VIX is one of those indicators that trades in a range. Right now it is near its lower level. It is looking attractive for a call position. If you are long in some stocks or holding calls, then this would be a great time to hedge your position with a call in VIX. Professional investors hedge their positions with VIX.

i'm no longer in the markets, but if i were, playing the inevitable VIX bounces off the bottom would be hard to resist.
 
Yes, the bounce is bound to happen. The only question is how soon will it happen. Since VIX call options are priced to expect a movement towards the upside, unless it pops to 16+ points, the gains will be pretty minor. A vertical can be opened, buy the 12 call leg, and sell the 13 call leg. Breakeven is if VIX stays above 12.75, and max gain is if VIX is above 13. This is a high probability trade. You will be risking 3 units to make 1 unit. Keep that in mind.
 
I agree that you shouldn't trade daily your retirement portfolio but just investing and forgetting about it doesn't work either. Not in the times of High Frequency Trading and short term outlooks of investors So there is a balance in between, sometimes stocks get over bought and its wise to take profits and other times when the market is over sold its time to add more money to it.

High frequency trading has literally nothing to do with long term investing. They are two completely different things. Trading is largely based off of technicals whereas investing is largely based off of fundamentals. Try telling Buffett/Cuban/Gates/any private equity firm/JP Morgan(the guy)/etc that long term investing doesn't work or that HFT has ANY affect on their investing.

The difference is that long term investing is about making your money work for you in a relatively hands off fashion. You put your money somewhere for a few years and depending on the investment vehicle, spend a nominal amount of your time keeping track of it and making sure that the fundamentals still make sense. Trading is about discovering perceived mispricings in the market over the short term and profiting from investor behavior as they are repriced.
 
Yes, the bounce is bound to happen. The only question is how soon will it happen. Since VIX call options are priced to expect a movement towards the upside, unless it pops to 16+ points, the gains will be pretty minor. A vertical can be opened, buy the 12 call leg, and sell the 13 call leg. Breakeven is if VIX stays above 12.75, and max gain is if VIX is above 13. This is a high probability trade. You will be risking 3 units to make 1 unit. Keep that in mind.

VIX **options** are not priced off of spot VIX, they're priced off of the expectation of where VIX will be in the future. As far as I'm aware, you can't buy options on spot VIX, only on the futures contracts.

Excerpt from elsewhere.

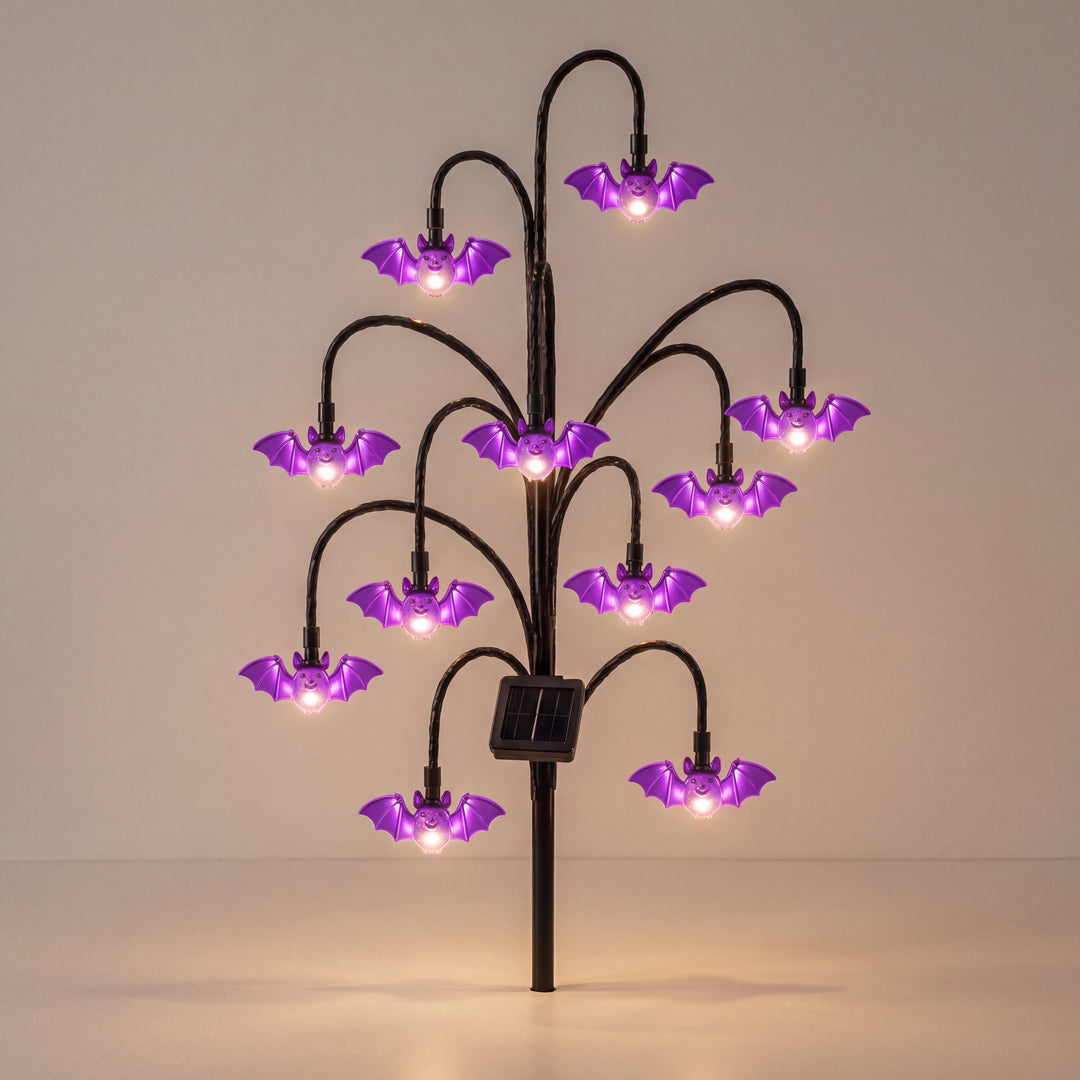 Morda | Solar LED Halloween Willow Tree Light for Yard and Garden Decor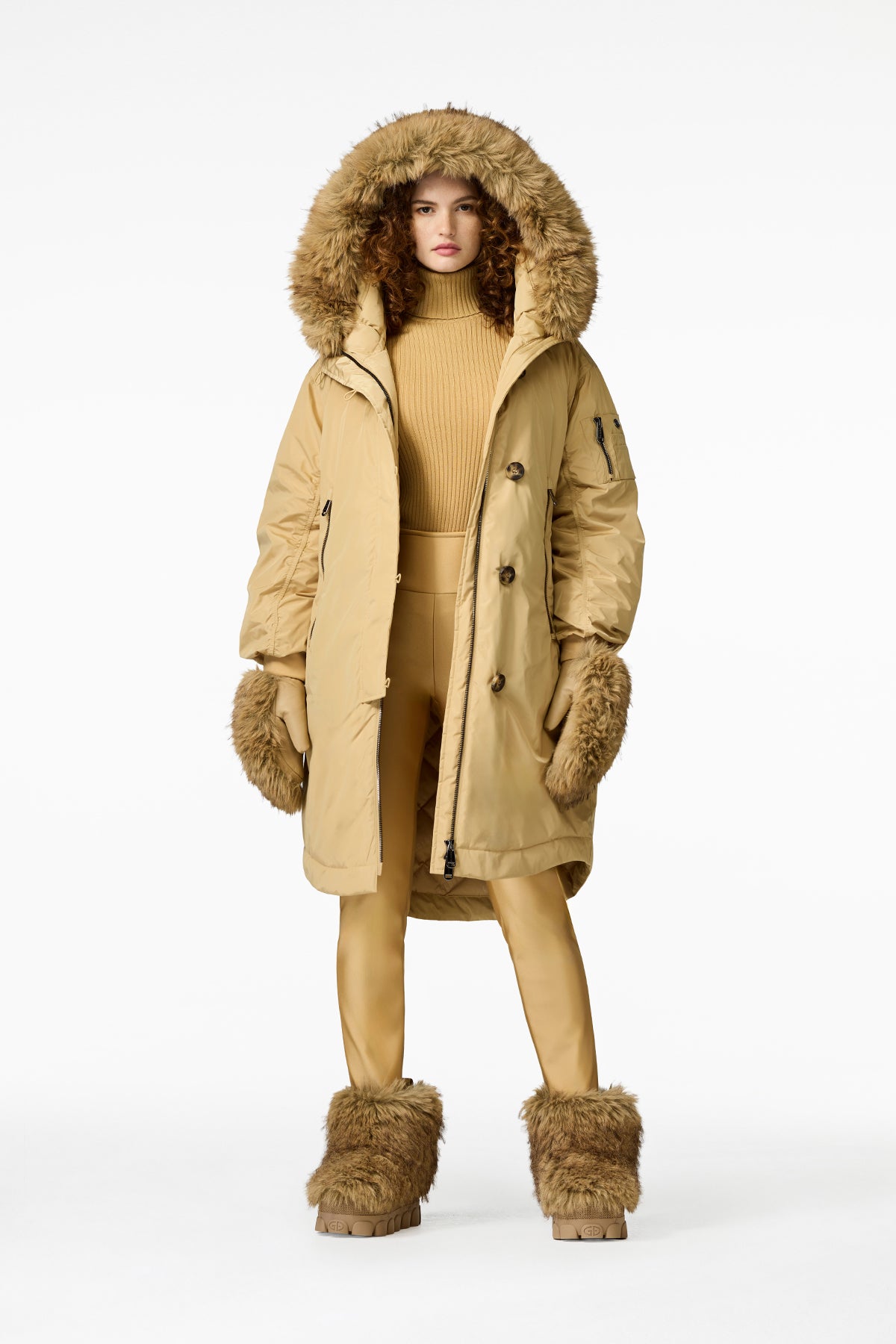 JULIA jacket FAUX BORDER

Edit: Changed calls to options
 
Trading is about discovering perceived mispricings in the market over the short term and profiting from investor behavior as they are repriced.
i think buffett would argue that long term investing is about exactly this, with a longer term expectation of mispricings reaching their valuation.
 
The price action on Apple was absolutely ridiculous right now. Just when everyone thought that Apple was getting legs underneath it, the stock flushed 3.38% just today. I spoke about Apple failing to break the resistance last week and from that point Apple has gone more than $35 (8%).



At the close today Apple was below the 20, 50 & 100 simple moving average. Intraday there was a serious bounce of the low at $422.36. Much of this bounce can be accredited to an overall market rally in the last hour.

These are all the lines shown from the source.